Gallo and Verduzco-Vega, knowing full well the niche-but-fanatic dedication of tiki culture’s followers, will not skimp on the details. Volcano water features. A drink program that will feature fresh ingredients headed by Brian Noonan and Dustin Rodriguez. An eventual full food menu but, for now, a focus on that drink program. The bar is being designed by none other than Bamboo Ben, Huntington Beach’s third-generation tiki bar builder and the man behind everything from San Francisco’s Zombie Village to Kansas City’s TikiCat, named the world’s best tiki bar.
And while the trend is one that is growing with wide acceptance—Beer Belly’s Thursday-through-Saturday tiki speakeasy hidden behind a wall proved Long Beach’s own admiration for the almighty tiki bar—it is somewhat odd to report that the city’s only dedicated tiki bar is about to open its doors.
Yes, we are as excited as you that this is happening. No questions. Zombies and mai tais for days.
But what makes it odd to report is the fact that Long Beach was once a tiki-rich town that had island-inspired watering holes, motels, and restaurants in practically every neighborhood—and it extends well past the the last attempt at a full-on tiki bar, the Puka Bar up on Willow Street that was open for five years before closing in 2011.
In fact, the Los Angeles region in general is important and largely considered the birthplace of the tiki bar with Don the Beachcomber opening in 1934 (though the history is nonetheless contested by some and, as it should be said loud and clear: The tiki bar is not an attempt at re-creating the South Pacific more than it was the very American ideal of bringing island-centric auras onto our nation’s soil. Think Disneyland’s romanticization of royalty but apply it to island living: A tiki bar let people escape without having to, well, actually get on a boat in the 1930s and travel to the South Pacific or Hawaii or…)
And Long Beach shares this history and Gallo plans on honoring that history.
“We are still working on the name—I know, I know: We plan on opening in March so I know we have to find a name,” Gallo said. “We were working with ¡Tiki Boom!… We even contemplated choosing Leilani Hut but we’re not entirely sold on either quite yet.”
Leilani Hut—once in the space that is now occupied by Legends—was the premiere destination for those visiting Belmont Shore. Its owner, Don May, was not only the honorary mayor of the Shore but was vastly involved in the city. (The famed floating Christmas trees? That was Don May.)
It was one of many tiki-driven destinations that were sprinkled throughout the neighborhoods of Long Beach.
Then there was the popular Java Lanes, the tiki-themed mid-mod architectural masterpiece that housed bowling lanes.

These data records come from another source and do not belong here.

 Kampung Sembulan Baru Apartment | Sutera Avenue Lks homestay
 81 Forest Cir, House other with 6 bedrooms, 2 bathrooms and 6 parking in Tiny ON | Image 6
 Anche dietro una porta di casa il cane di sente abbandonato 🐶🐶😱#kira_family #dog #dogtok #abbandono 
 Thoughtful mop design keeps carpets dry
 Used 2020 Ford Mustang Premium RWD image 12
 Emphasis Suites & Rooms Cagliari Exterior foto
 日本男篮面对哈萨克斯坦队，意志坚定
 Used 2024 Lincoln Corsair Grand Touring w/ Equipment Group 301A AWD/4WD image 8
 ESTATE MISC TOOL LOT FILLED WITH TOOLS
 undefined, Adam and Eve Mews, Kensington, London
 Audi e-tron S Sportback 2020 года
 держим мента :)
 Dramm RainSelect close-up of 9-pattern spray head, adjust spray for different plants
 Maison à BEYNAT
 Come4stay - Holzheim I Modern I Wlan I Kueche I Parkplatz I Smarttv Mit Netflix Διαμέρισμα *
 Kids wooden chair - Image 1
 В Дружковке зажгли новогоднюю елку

There was The Outrigger Motor Inn and other motels dedicated to the art of tiki culture (each with restaurants that offered some sort of Chinese cuisine, often Cantonese—like Leilani Hut—because Americans’ lack of geography skills and cultural awareness paired with the aforementioned desire to create an “escape”—and at the time, the variety of Chinese foods finding their homes in the Chinatowns across the nation was the most exotic cuisine one could get.)
The main bar for Long Beach’s sole tiki bar, set to open on Anaheim Street. Courtesy of Brett Gallo.
And perhaps most revered is Eddie’s Pago Pago at 131 E. First St. in Downtown Long Beach. Opening in the 1940s, it harkened to the Tonga Room in San Francisco with both staged raining sessions inside the lounge and a decadent array of interior design.
And like the rest of the country, tikis fell out of vogue, with their decline hitting the bottom of the well by the 1970s. Was drinking out of elaborately crafted skull mugs just not cool or did the reality of the Vietnam War—a tropical paradise turned into a war zone—pervert the fantasy of the tiki’s escapism?
Either way, with America’s love for cocktails moving beyond two ingredients paired with sharp political tension, a tiki bar might just be the perfect escape.
Long Beach’s to-be-named tiki bar will be located at 3522 E. Anaheim St.